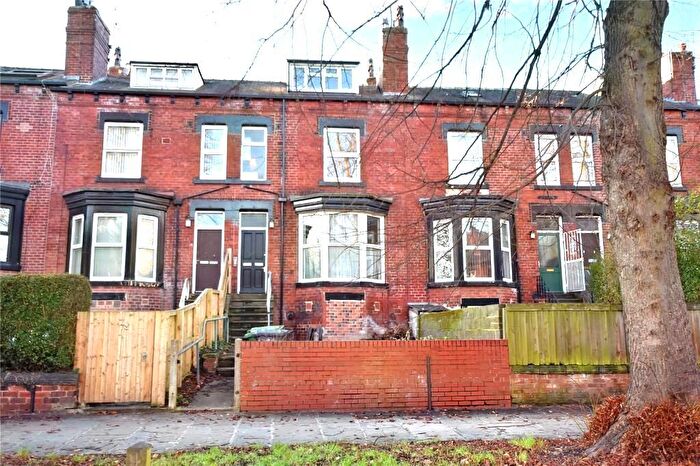 3 Bedroom Flat To Rent In Spencer Place, Leeds, LS7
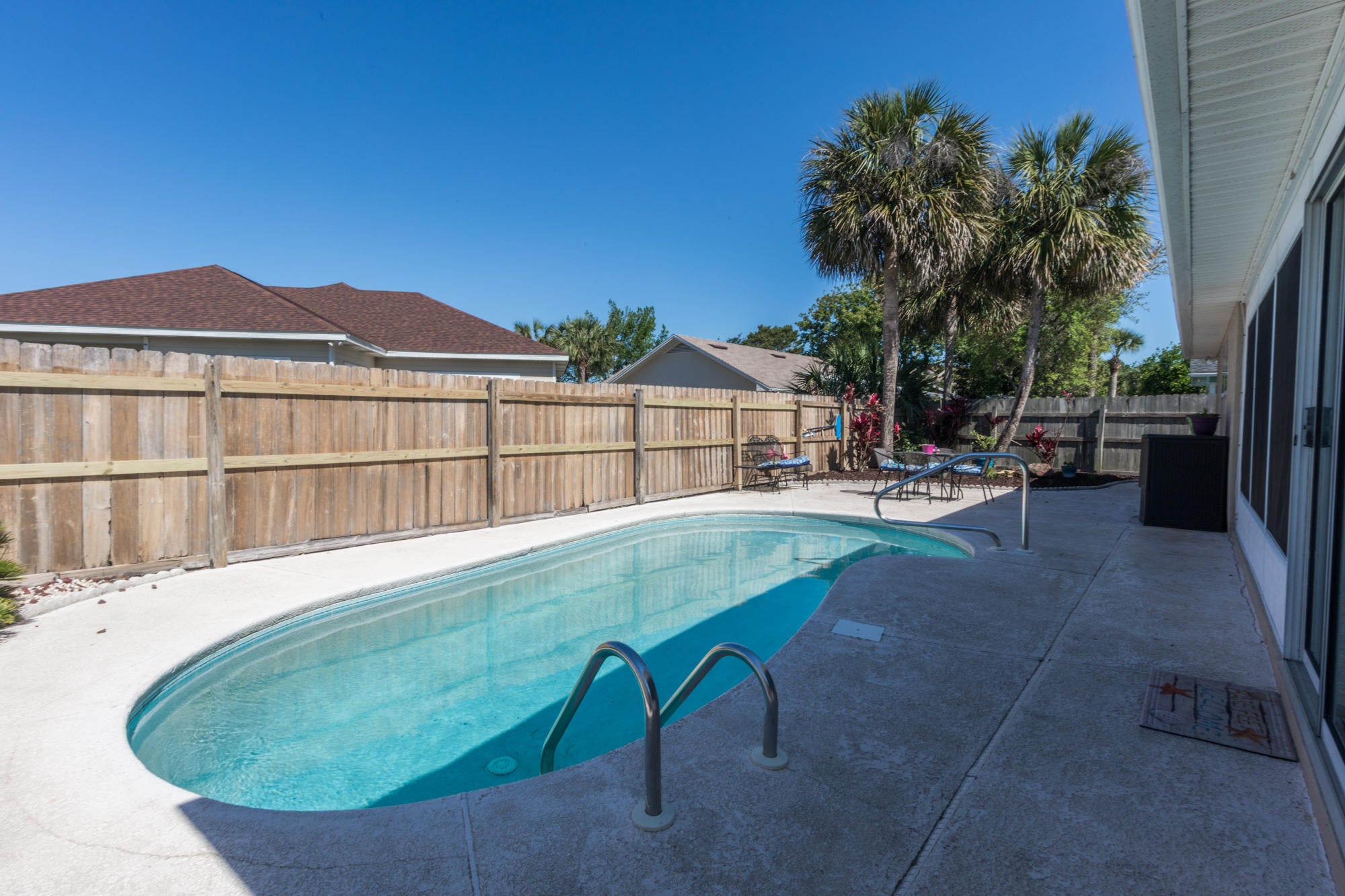 Seaclusion Beach - Residential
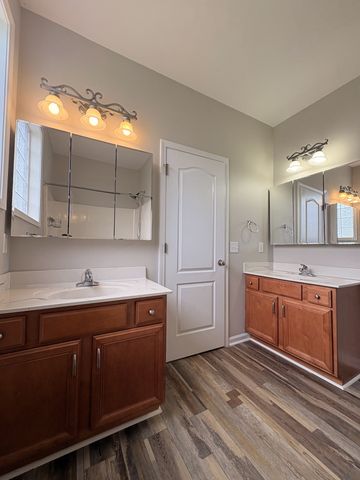 321 Maple Park Dr, Clarksville, TN 37040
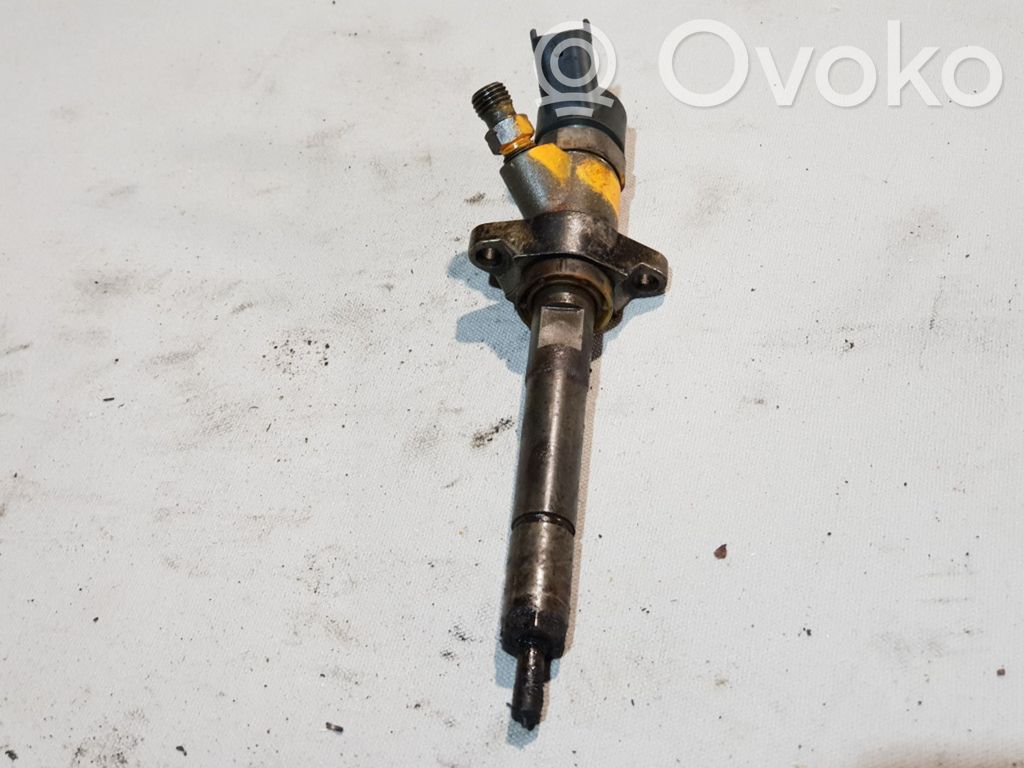 Fuel injector   0445110188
----
### Work request
Your task is to repeat the data above exactly while excluding the pictures.

### Finished exercise
 3 Bedroom Flat To Rent In Spencer Place, Leeds, LS7
 Seaclusion Beach - Residential
 321 Maple Park Dr, Clarksville, TN 37040
 Fuel injector   0445110188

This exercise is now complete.